Grande autonomia, ricca dotazione di ADAS e piacere di guida caratterizzano la
nuova generazione dell’auto francese protagonista nel segmento C

Piccola all’esterno, ma con tanto spazio nell’abitacolo. “Spazio” è una delle parole chiave
per capire Mégane E-Tech, la nuova generazione 100% elettrica della famosa vettura di
segmento C firmata Renault: 421 centimetri di lunghezza, 177 di larghezza e 151 di
altezza, ma con interni senza dubbio accoglienti, grazie alla leva del cambio al volante,
che libera spazio nel tunnel centrale e alle innovative strisce luminose della plancia e dei
pannelli interni delle porte, che alternano colori ogni 30 minuti sulla base del ritmo circadiano. Un’altra parola chiave è “silenzio”, per via della schiuma fonoassorbente applicata sulla parte superiore del contenitore della batteria. Inserita nel pianale, la batteria – la più sottile sul mercato, dato lo spessore di appena 11 centimetri – è un vero e proprio elemento strutturale della vettura, che la rende anche circa 100 chili più leggera dei modelli della concorrenza.

BARICENTRO RIBASSATO

Abbiamo provato la nuova Mégane E-Tech lungo le suggestive strade delle Langhe
piemontesi
, tra le province di Asti e Cuneo. In un test drive tra le colline e i vigneti dove
nascono alcuni dei vini più famosi al mondo, abbiamo potuto godere appieno del piacere
di guida della nuova Mégane 100% elettrica, garantito dal nuovo baricentro ribassato e
dagli elementi stilistici un po’ da coupé e un po’ da crossover: un’impressione di fluidità
confermata anche al volante.

AMPIA AUTONOMIA

L’aspetto più interessante del test è stato senza dubbio l’interessante autonomia: la
versione con batteria da 60 kWh consente di percorrere fino a 450 chilometri.
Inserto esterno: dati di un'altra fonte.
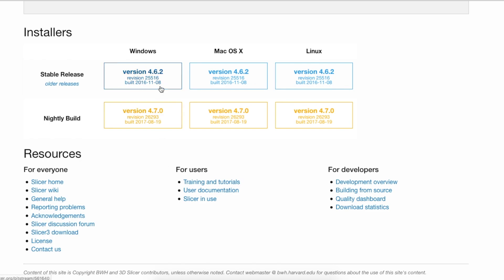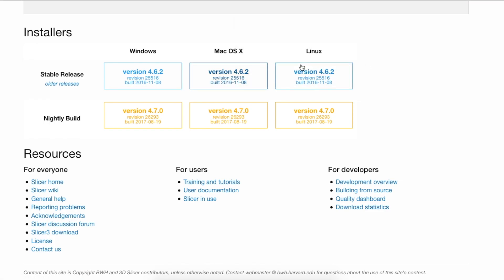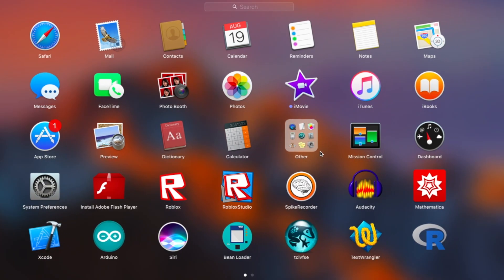Here you can see you have a stable release and a nightly build, with Windows, Mac OSX, and Linux versions. Download it for whichever operating system you have, and always go with the stable release because the nightly build means they're constantly changing things. I have a Mac so I would choose the stable release Mac version.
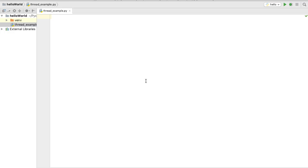Welcome to the next video on the Python thread tutorial for beginners. In the last video I gave you a brief introduction about threads and threads in Python. In this video we will discuss a module called thread module. The thread module is considered deprecated in Python 3, but we can still use it via a module called underscore thread, which exists for backward compatibility.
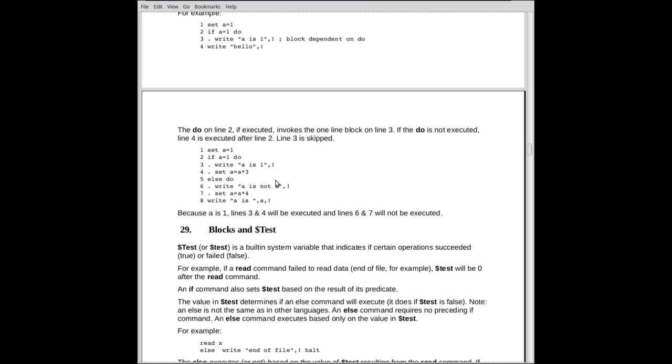Here's a larger example here. If we set a is equal to one, we have the argument if a is equal to one, do. And now I have two lines here. Lines three and four. I write a is equal to one, set a equal to a times three. So when line four is finished, it returns to the do on line two. There's nothing else on the line, so it advances to line five. When it gets to line five, it finds an else statement, which by the way, there's a missing blank here. Sometimes they get pulled out by the word processor, but there should be two blanks after the else.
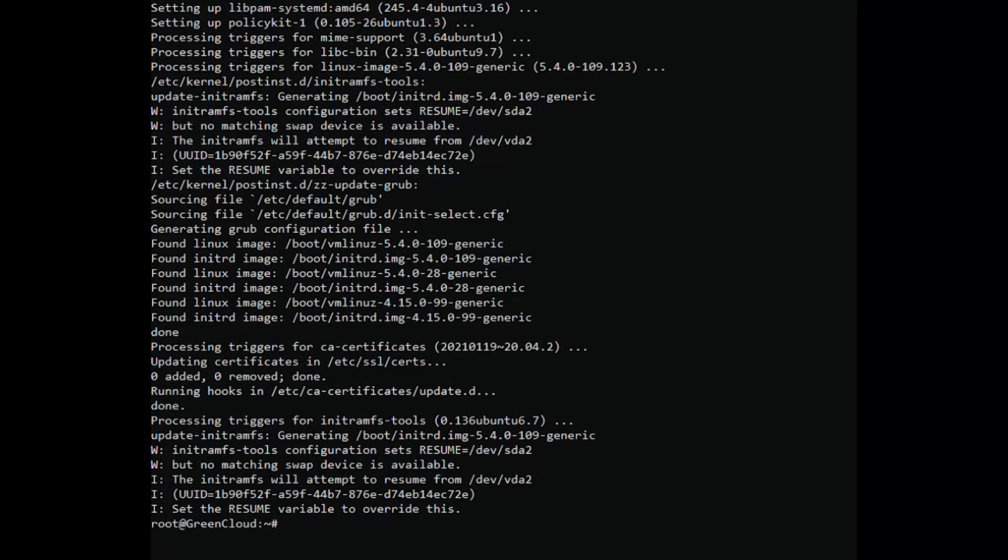ArangoDB has packages for many Linux distributions, but also special repositories. In the case of Ubuntu 20.04, we have one that we can add to the system. First, install some packages that are necessary to complete this tutorial.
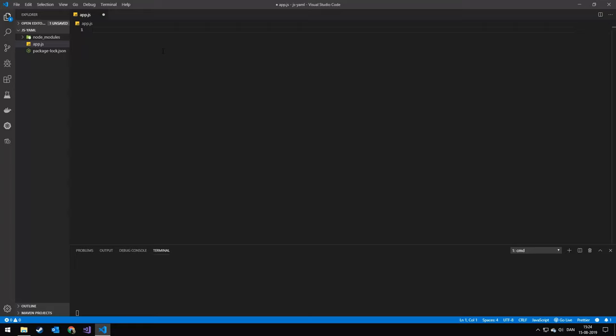So today we're going to be working with YAML in Node. The first thing we want to do is to import some dependencies.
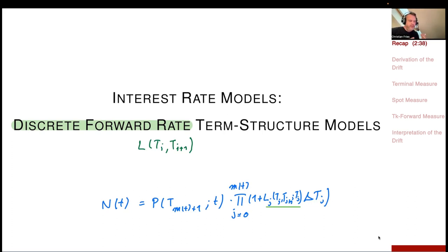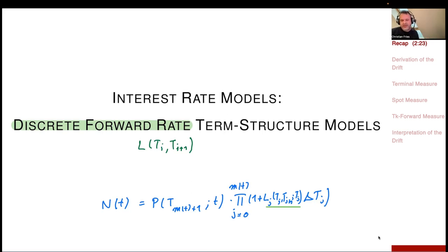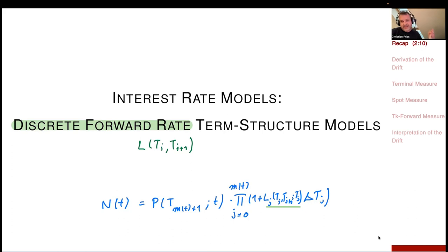If we have the numeraire, we can observe all zero coupon bond prices, at least on our time discretization. You could model a stock with the Black-Scholes model on top of a stochastic numeraire, which would be an equity hybrid model. You could also model a foreign currency interest rate numeraire on top of this domestic currency numeraire as a domestic investor, which would be a cross-currency hybrid model. This model is very powerful for interest rate derivatives and is the starting point for extending to other asset classes.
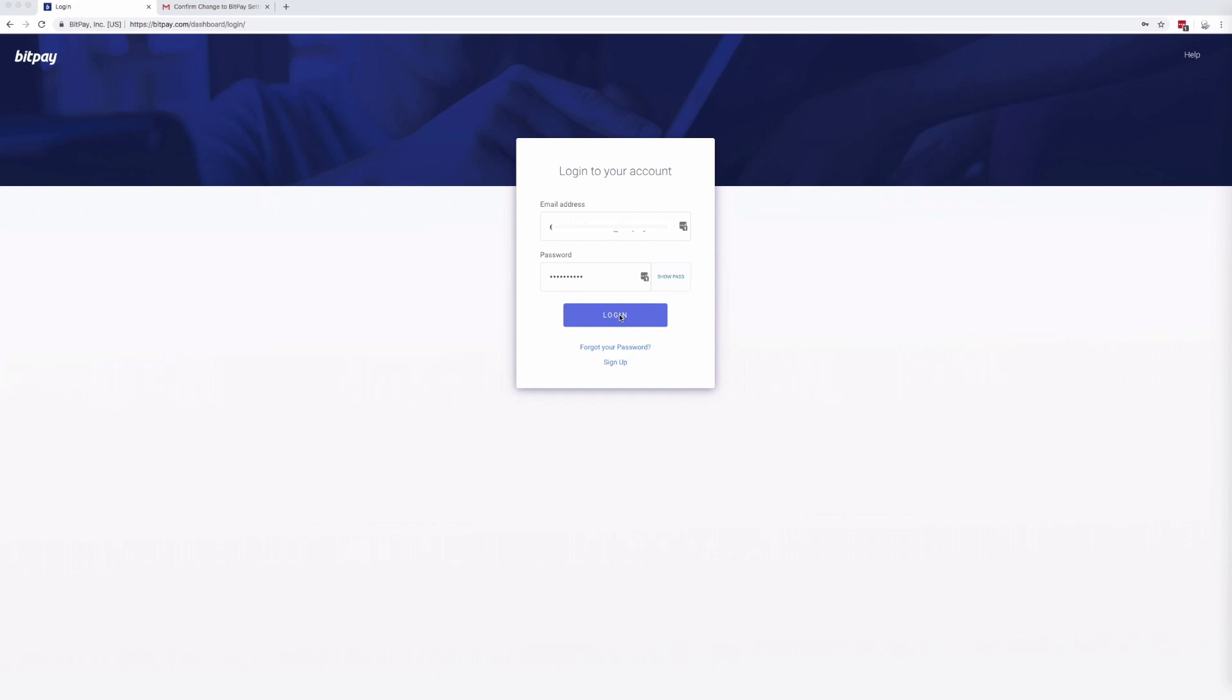Hello and welcome to BitPay FAQ. Today we'll be learning how to change your BitPay settlement settings using your BitPay merchant dashboard.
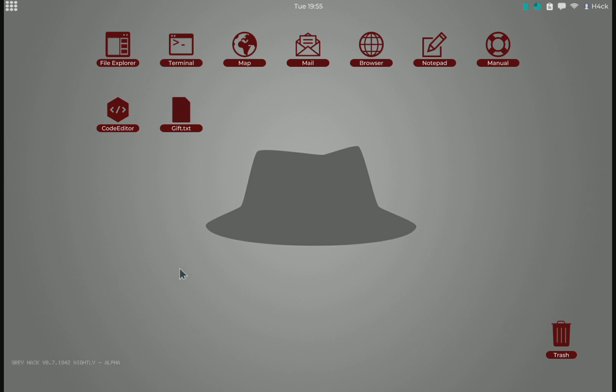Welcome back to Greyhack. In the last episode, I said that I would show you guys how to make a proxy network. But in order to make a proxy network, we will need resources, we will need money.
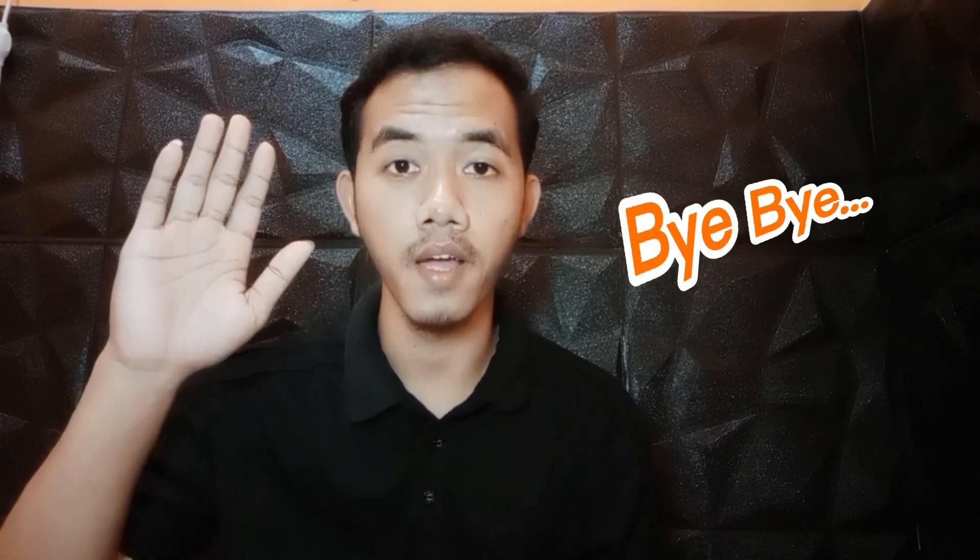Thank you for watching this video. Don't forget to keep watching the next useful videos on this channel. Bye!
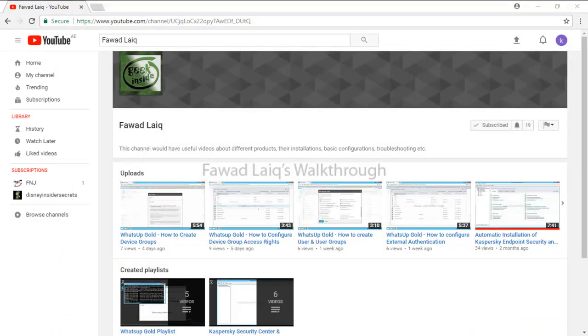Thank you so much for watching Fawad Laiq's walkthrough videos. Please comment, subscribe to my channel, and let me know if you need to know more about any of the products I am talking about.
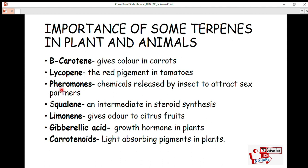Pheromones are chemicals released by insects to attract sex partners. When insects such as ants are ready for mating, one of them releases this chemical called pheromone, which serves as an attractant to the other partner, signaling that it is time to mate. Pheromones are terpenes found in both plants and animals.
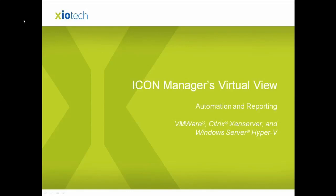Welcome to Icon Manager's Virtual View demonstration, automation and reporting for VMware, Citrix Xen Server, and Windows Server Hyper-V.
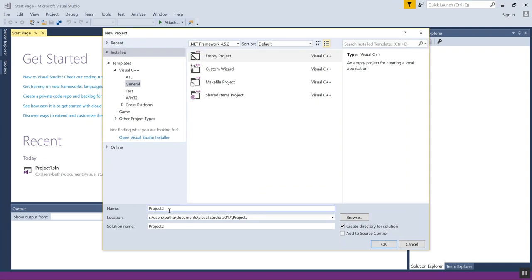It's going to give me a generic name right here. I want to name that something that represents what it's showing you, so I'm going to call this Demo VS because I'm demoing how to set up Visual Studio for you. You should name it according to the name of the project you're working on.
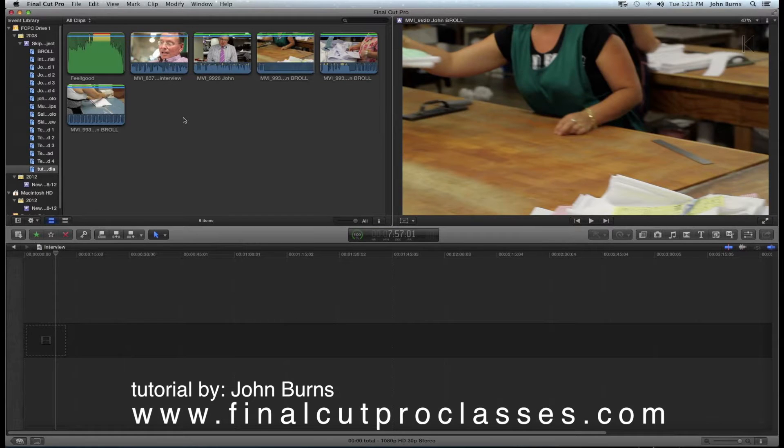Hello, my name is John Burns from Final Cut Pro Classes, and I would like to show you today how to cut a basic interview.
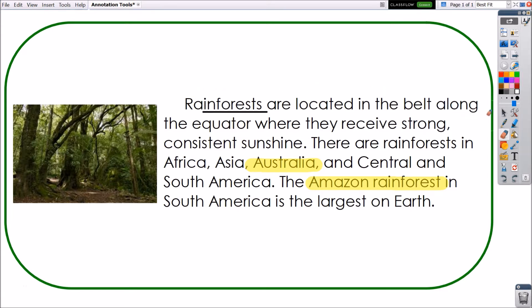Note that you may use the selector tool to isolate and manipulate annotations just as with any other object.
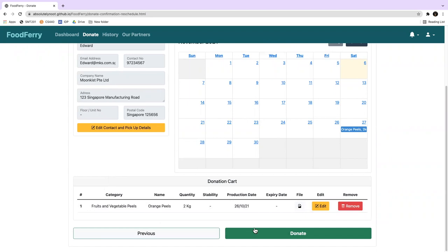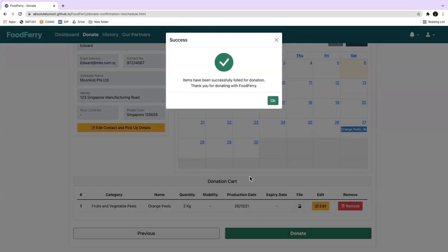He then clicks on Donate to reschedule his availability. FoodFairy will then display a confirmation message stating that the rescheduling of his food donation is successful.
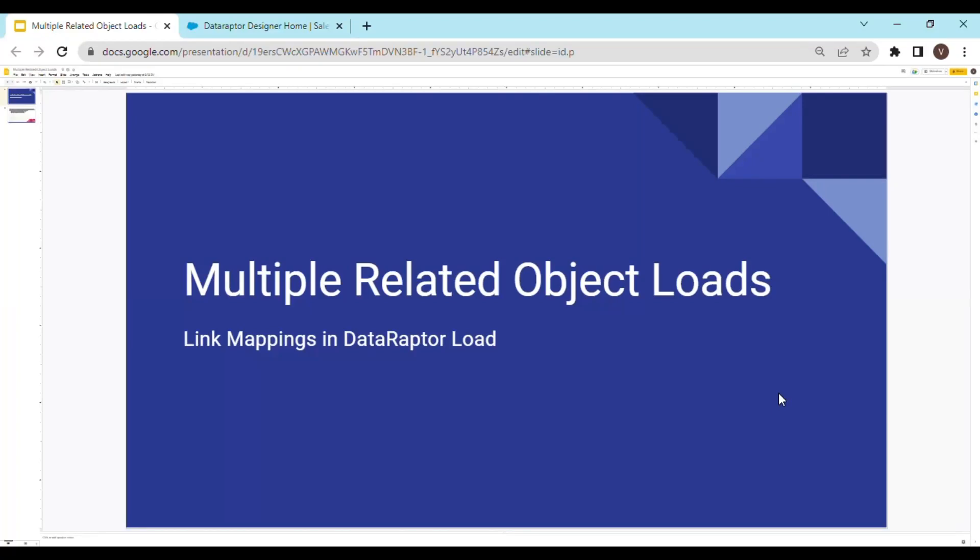Hey everyone, welcome back to the channel. In this video we are going to see how we can load multiple objects that are related in a single Data Raptor. This is called the concept of multi-related object loads or link mapping in Data Raptors.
Al termine
del viaggio da Torino alle Langhe della provincia di Cuneo, inclusa una tappa intermedia a
Barolo, la batteria era ancora carica quasi al 70%, nonostante una buona parte di tragitto
autostradale e poi in salita. Risultato che impressiona in positivo e che è frutto senza
dubbio anche del buon recupero energetico della frenata rigenerativa, impostabile su
quattro livelli di intensità attraverso delle pratiche leve collocate a sinistra e a destra del
volante, un po’ come il cambio di una Formula 1.

LA TECNOLOGIA

Durante la guida si apprezzano i 26 ADAS di cui è dotata la nuova Mégane, che le hanno
permesso di ottenere le 5 stelle Euro NCAP e la tecnologia di bordo, con i due grandi
monitor, l’abbondante presenza di tradizionali tasti fisici e la piena integrazione con
l’ecosistema Google, che consente di replicare l’esperienza (per molti) familiare degli
smartphone Android, con tutte le app e i servizi, anche alla guida.